Young Bradman

158 Thanks and sources Had it come easy to me I should not have done it so well. TE Lawrence to Basil Liddell Hart, June 26, 1933 I can take you to the spot in Burton library where, as a boy, I took Rosenwater’s biography of Bradman – a big, thick book with a green cover – from the shelves. Twenty years later, I stepped off a ‘plane in Sydney to begin living in Australia for a year. I knew an old colleague William Verity was living and working there but - before the internet became common – I only began ringing and visiting to find him after I landed. William was living in Bowral and editing its weekly newspaper, which shut the day I met him.

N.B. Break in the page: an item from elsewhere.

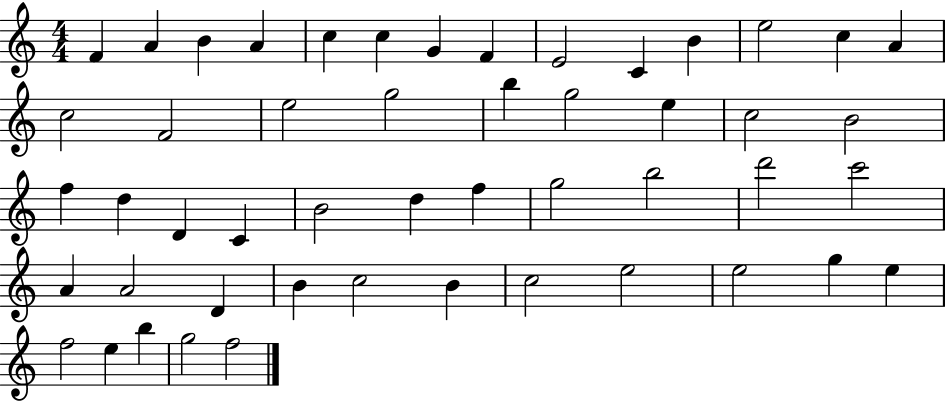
F4/q A4/q B4/q A4/q C5/q C5/q G4/q F4/q E4/h C4/q B4/q E5/h C5/q A4/q C5/h F4/h E5/h G5/h B5/q G5/h E5/q C5/h B4/h F5/q D5/q D4/q C4/q B4/h D5/q F5/q G5/h B5/h D6/h C6/h A4/q A4/h D4/q B4/q C5/h B4/q C5/h E5/h E5/h G5/q E5/q F5/h E5/q B5/q G5/h F5/h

Regardless, William and his wife Caroline took me and their first-born Joe, then a baby, to Gibraltar Point for a picnic. Like young Bradman, I was without nerves; I had gone halfway around the world without arranging anything, and was settling within days. Sydney, and Australia, were like that. I had enough interest in Bradman to enjoy the simple, two-platform Bowral station, much like the station of my hometown, as the very place where he set off and returned those Saturdays when he began first grade. Would I have written about Bradman if William had lived elsewhere? Life is not a computer programme we can play over and over to check such things; not yet. The Verity family was also hospitable to me when I returned to Australia in their winter of 2009, to research The Victory Tests . I dedicate this book to them and to all who gave me hospitality in Australia. The author in 1998 at Bowral station, since redeveloped.